*** Opening of Materials provided ***

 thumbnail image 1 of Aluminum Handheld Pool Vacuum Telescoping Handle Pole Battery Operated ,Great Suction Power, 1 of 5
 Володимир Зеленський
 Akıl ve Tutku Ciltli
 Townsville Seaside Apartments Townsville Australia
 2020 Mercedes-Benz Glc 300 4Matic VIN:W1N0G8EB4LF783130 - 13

*** Close of Materials provided ***
*** Opening of Materials provided ***

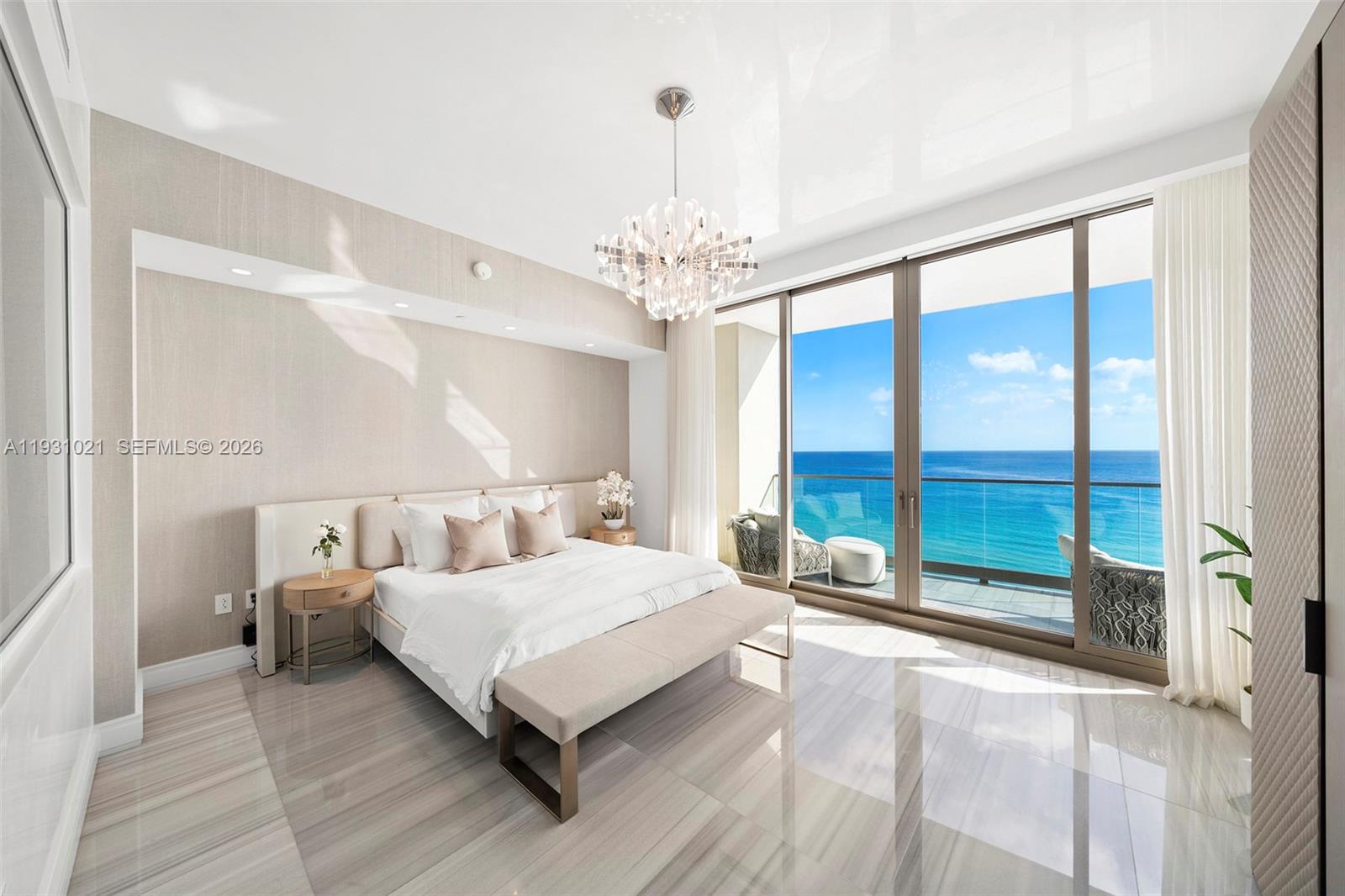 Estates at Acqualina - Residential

*** Close of Materials provided ***
*** Opening of Materials provided ***

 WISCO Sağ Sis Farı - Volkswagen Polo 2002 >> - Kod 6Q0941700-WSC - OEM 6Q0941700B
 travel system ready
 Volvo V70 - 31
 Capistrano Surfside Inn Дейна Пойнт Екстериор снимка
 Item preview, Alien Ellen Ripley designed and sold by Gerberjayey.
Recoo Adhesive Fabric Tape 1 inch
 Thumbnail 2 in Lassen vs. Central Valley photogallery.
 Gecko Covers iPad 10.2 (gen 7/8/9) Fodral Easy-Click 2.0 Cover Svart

*** Close of Materials provided ***

> [Problem to work on]: Please copy the lines above from the line with "thumbnail image 1" up to and including the line with "2020 Mercedes-Benz Glc", exactly as written and with nothing else.

> [Result of the exercise]:
 thumbnail image 1 of Aluminum Handheld Pool Vacuum Telescoping Handle Pole Battery Operated ,Great Suction Power, 1 of 5
 Володимир Зеленський
 Akıl ve Tutku Ciltli
 Townsville Seaside Apartments Townsville Australia
 2020 Mercedes-Benz Glc 300 4Matic VIN:W1N0G8EB4LF783130 - 13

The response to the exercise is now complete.